Landscape Information
Sloping gently downhill from Dexter Avenue on the west to Ninth Avenue on the east, this rectilinear four-and-a-half-acre park is bound by Denny Way on the south and John Street to the north. Regarded as the city’s oldest public park, it occupies land donated by David and Louisa Boren Denny in 1864 for use as a public cemetery.
In 1883 the Dennys rededicated the site as a public park and the interred were exhumed and relocated approximately one-and-a-half miles northeast. In 1893 landscape architect E.O. Schwagerl prepared a general plan featuring curvilinear paths and slopping lawns. The Picturesque design was realized in 1895 and in 1903 the park was improved with formal plantings, pavilions, and recreational amenities. In 1930 the site was significantly regraded and redesigned by landscape architect L. Glenn Hall.

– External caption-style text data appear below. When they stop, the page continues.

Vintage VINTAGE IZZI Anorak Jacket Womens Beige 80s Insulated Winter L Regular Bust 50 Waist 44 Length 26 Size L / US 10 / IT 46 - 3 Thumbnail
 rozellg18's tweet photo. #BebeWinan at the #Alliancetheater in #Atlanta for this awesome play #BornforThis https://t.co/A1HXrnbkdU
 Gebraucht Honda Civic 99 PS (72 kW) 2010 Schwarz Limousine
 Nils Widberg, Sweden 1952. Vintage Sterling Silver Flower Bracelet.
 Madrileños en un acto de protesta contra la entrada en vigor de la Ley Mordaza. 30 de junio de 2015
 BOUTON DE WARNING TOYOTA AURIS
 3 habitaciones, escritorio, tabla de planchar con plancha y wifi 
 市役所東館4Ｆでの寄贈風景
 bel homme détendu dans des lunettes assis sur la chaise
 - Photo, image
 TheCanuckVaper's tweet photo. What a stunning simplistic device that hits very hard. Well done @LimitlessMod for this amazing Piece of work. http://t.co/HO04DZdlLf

Anchored to the west by an administration building (1948) by architects Young and Richardson, the site is bound by a perimeter sidewalk and is characterized by geometric lawns dotted with irregularly planted deciduous and coniferous trees including sycamore, maple, birch, and a giant sequoia specimen. The latter was planted in 1932 to commemorate George Washington’s bicentennial birthday.
The park is divided by symmetrical, axial paths that meet at a central bed planted with a mature American witch-hazel, shrubs, and ferns. Diagonal paths enter from each corner, while two parallel north-south oriented ones connect John Street and Denny Way. The two parallel paths frame approximately 50-foot-wide rectilinear panels marked by a dog park to the north and a lawn to the south. The paths are edged by concrete curbs and beds planted with hydrangeas, dogwoods and rhododendrons.
The park was rehabilitated in 2017 with improved paving and lighting.